### Working data

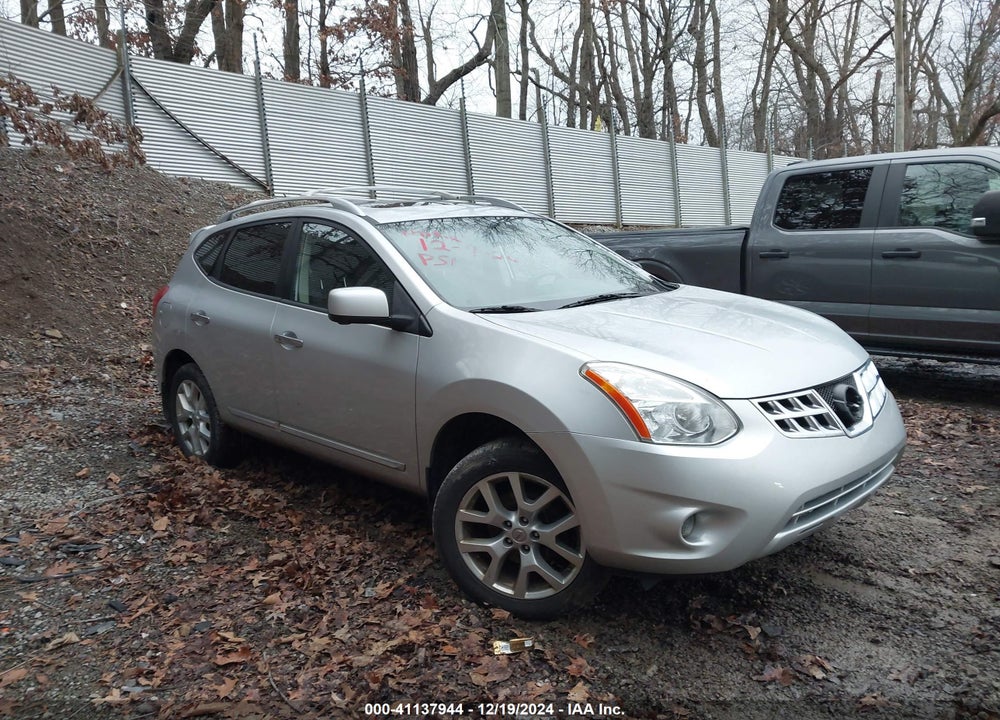 2013 NISSAN ROGUE SV W/SL PKG VIN: JN8AS5MV0DW607928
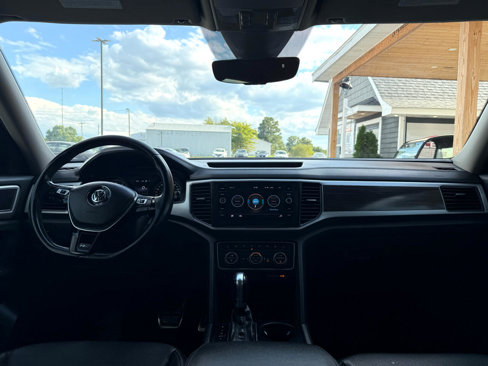 Used 2018 Volkswagen Atlas SE w/ R-Line Package image 25
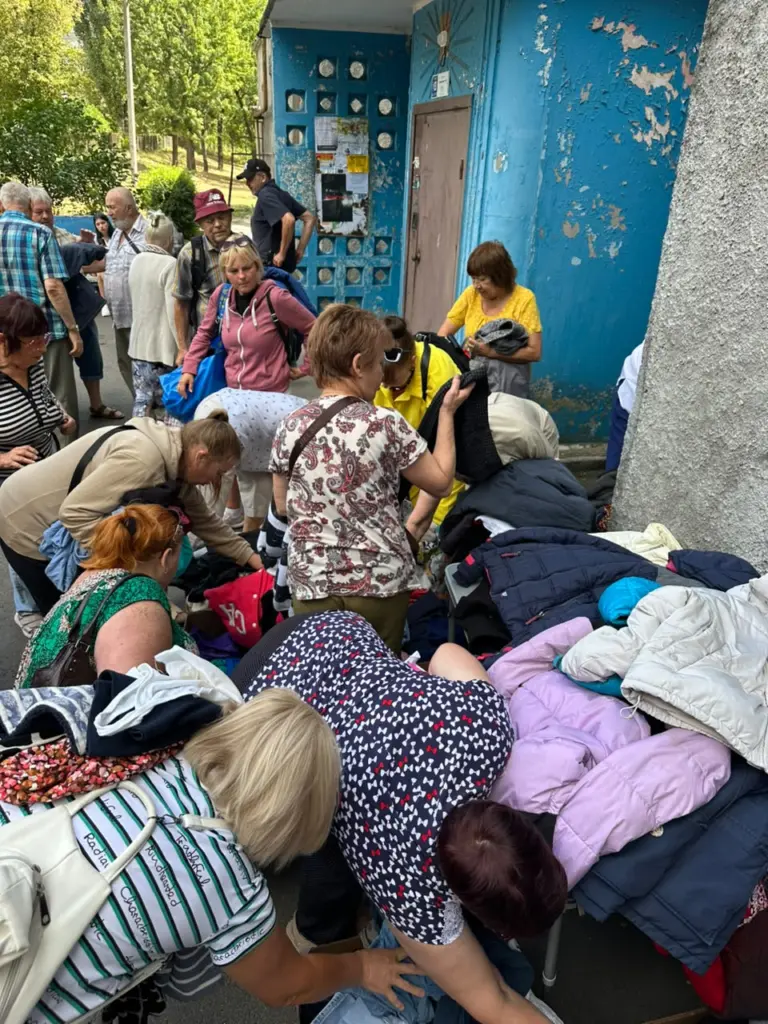 Oekraïners storten zich op de gebrachte spullen.
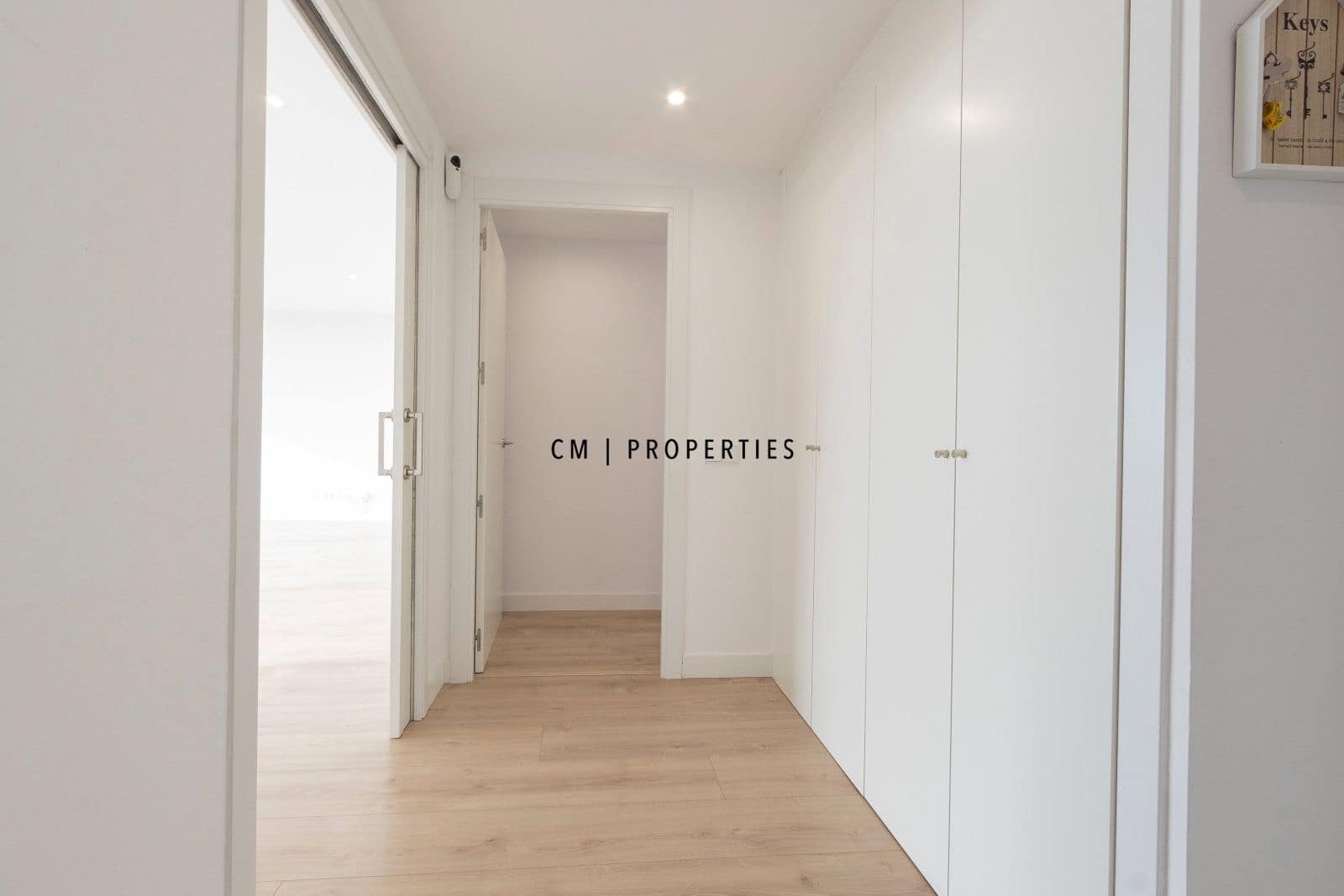 4 bedroom Flat for rent in Valencia city with pool garage - € 4,500 (Ref: 8345902)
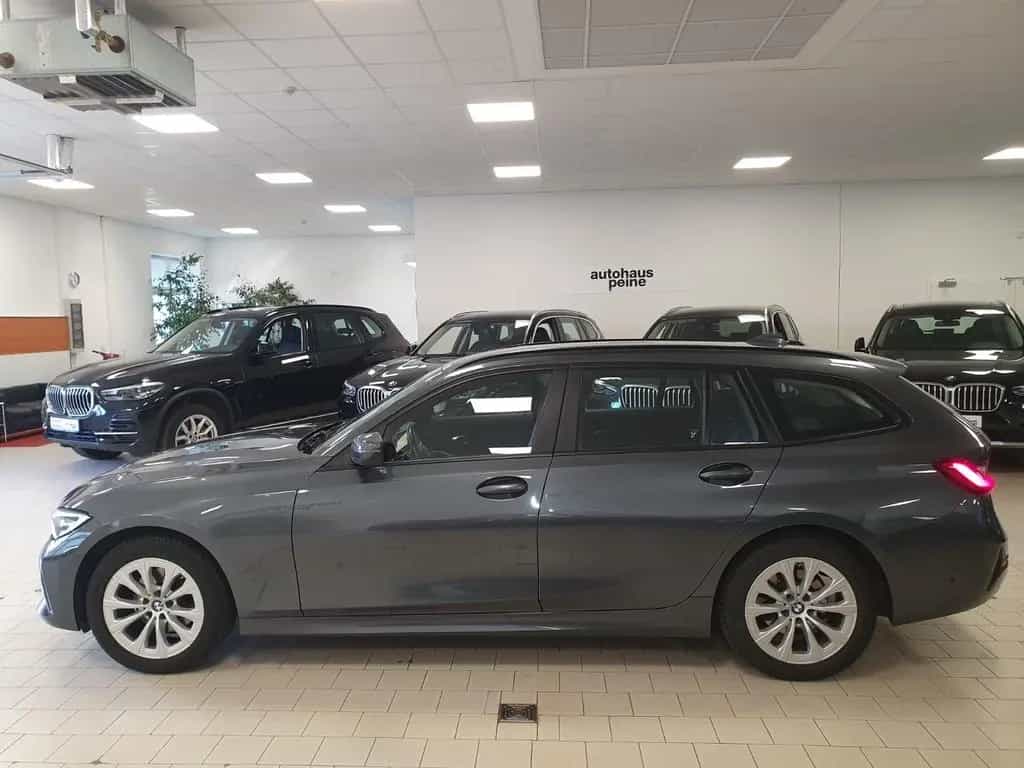 BMW 320 d xDrive Advantage Aut/Navi/Park&FernLichtAss 03/2022-photo-6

### Exercise prompt
Write out the whole listing exactly. Do not include the pictures.

### Answer section
 2013 NISSAN ROGUE SV W/SL PKG VIN: JN8AS5MV0DW607928
 Used 2018 Volkswagen Atlas SE w/ R-Line Package image 25
 Oekraïners storten zich op de gebrachte spullen.
 4 bedroom Flat for rent in Valencia city with pool garage - € 4,500 (Ref: 8345902)
 BMW 320 d xDrive Advantage Aut/Navi/Park&FernLichtAss 03/2022-photo-6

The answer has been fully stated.